Vor allem Deutschland, Frankreich und Holland sind für diesen Wahlkampf interessant: Dort leben fast zwei Millionen Stimmberechtigte. Österreich steht mit 107.000 türkischen Wählern auf Platz fünf. Weil die Regierungspartei AKP bei den vergangenen Wahlen in diesen Ländern eine Mehrheit erzielen konnte, sind es wichtige Wahlkreise.

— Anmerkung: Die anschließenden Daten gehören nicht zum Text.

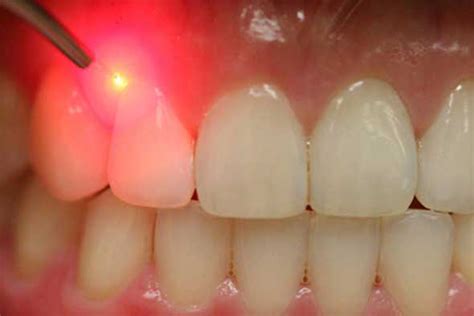 Diş eti çekilmesinde lazer tedavisi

Denn Umfragen zeigen, dass der Ausgang des Referendums noch nicht entschieden ist. Die anfänglich eindeutige Mehrheit für das von Präsident Erdoğan erhoffte Ja nimmt ab. Am vergangenen Freitag wurde eine Umfrage des Instituts AKAM veröffentlicht, der zufolge 57 Prozent für Nein sind. Wie verlässlich diese Umfragen sind, ist schwer zu beurteilen. Es steht die Behauptung im Raum, dass die Fragen manipulativ gestellt werden.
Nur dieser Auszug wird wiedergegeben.